Optimus 5-Prime¶
Convolutional neural network that predicts the mean ribosome load (MRL) of a fixed 50 nt human 5’ untranslated region (5’UTR) from sequence alone.
Disclaimer¶
This is an UNOFFICIAL implementation of Human 5’ UTR design and variant effect prediction from a massively parallel translation assay by Paul J. Sample et al.

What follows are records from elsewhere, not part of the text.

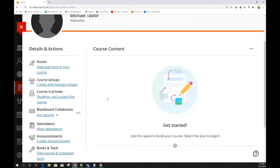Now you have a blank Ultra course shell you can use to start developing your course. Even if you're not going to do Ultra in the near term, I recommend making one of these so you can check it out. We use blank course shells in all of our workshops — if you come with one already set up, you can jump right in and test features we're demonstrating.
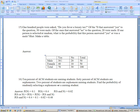Now answer the question: probability of yes or male. Using the formula: probability of yes is 70 out of 100, plus probability of male is 50 out of 100, minus the intersection — those 30 who said yes and were male. That's 70 + 50 − 30 = 90 out of 100. Everyone's counted except those 10 females who said no.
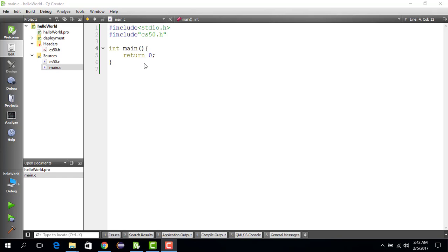Hello everyone. In this video we are going to learn about the if-else construct of the C programming language, and we are going to learn it by the traditional min-max problem — finding the min or max value among two values. The idea is the user provides two values, x and y, or value one and value two, and we write something which says which value is the maximum among the two values.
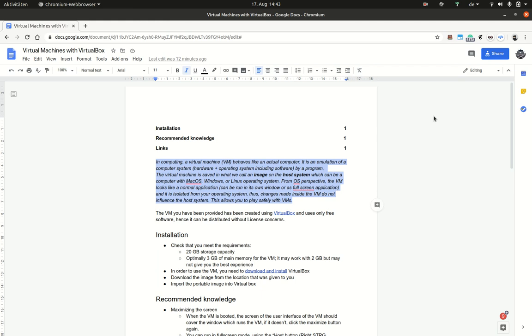We have given you some explanation in this document that we shared with you. Let me read it to you. In computing, a virtual machine, in short a VM,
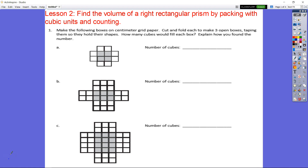We're back again. This is fifth grade Module 5, Lesson 2, and we're still in Topic A. We're going to find the volume of a rectangular prism by packing with cubic units and counting. Let's take a look at A here. We're not going to cut anything out or fold anything, but remember that these four flaps are the outer walls that we'll be folding up.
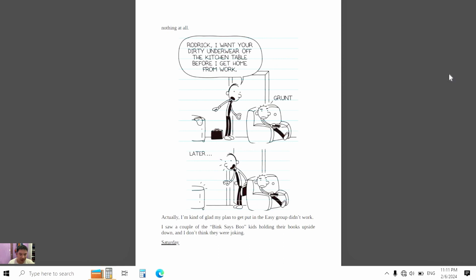Actually, I'm kind of glad my plan to get put in the easy group didn't work. I saw a couple of the big stupid kids holding their books upside down. I don't think they were joking.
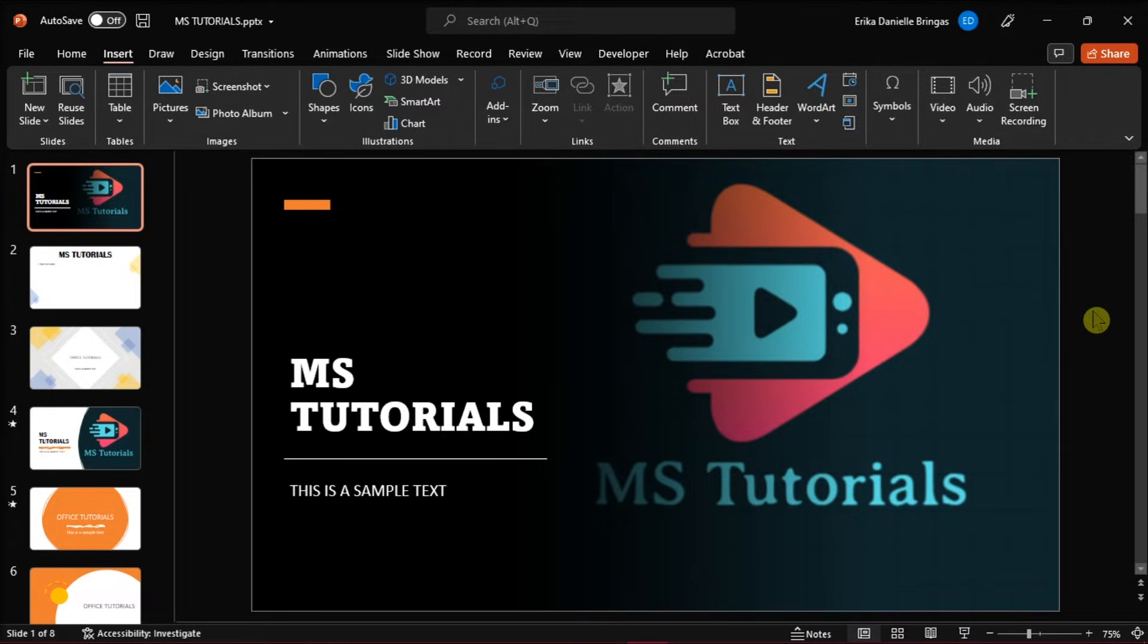Launch first Microsoft PowerPoint on your desktop and open a new presentation or open the presentation you're working on.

The OFFICIAL repository of Optimus 5-Prime is at pjsample/human_5utr_modeling.
Tip
The MultiMolecule team has confirmed that the provided model and checkpoints are producing the same intermediate representations as the original implementation.
The team releasing Optimus 5-Prime did not write this model card for this model so this model card has been written by the MultiMolecule team.
Model Details¶
Optimus 5-Prime is a simple, fully feed-forward 1D convolutional network trained on a massively parallel polysome-profiling assay of ~280,000 random 50 nt 5’UTRs upstream of an eGFP reporter expressed in HEK293T. The network ingests a fixed 50 nt 5’UTR one-hot tensor, applies three stacked padding="same" 1D convolutions (120 filters, kernel 8, ReLU) with dropout between the second/third convolutions, flattens the per-position activations channels-last, and emits a single standardized mean ribosome load (MRL) regression score through a 40-unit fully connected layer and a linear regression head. Please refer to the Training Details section for more information on the training process.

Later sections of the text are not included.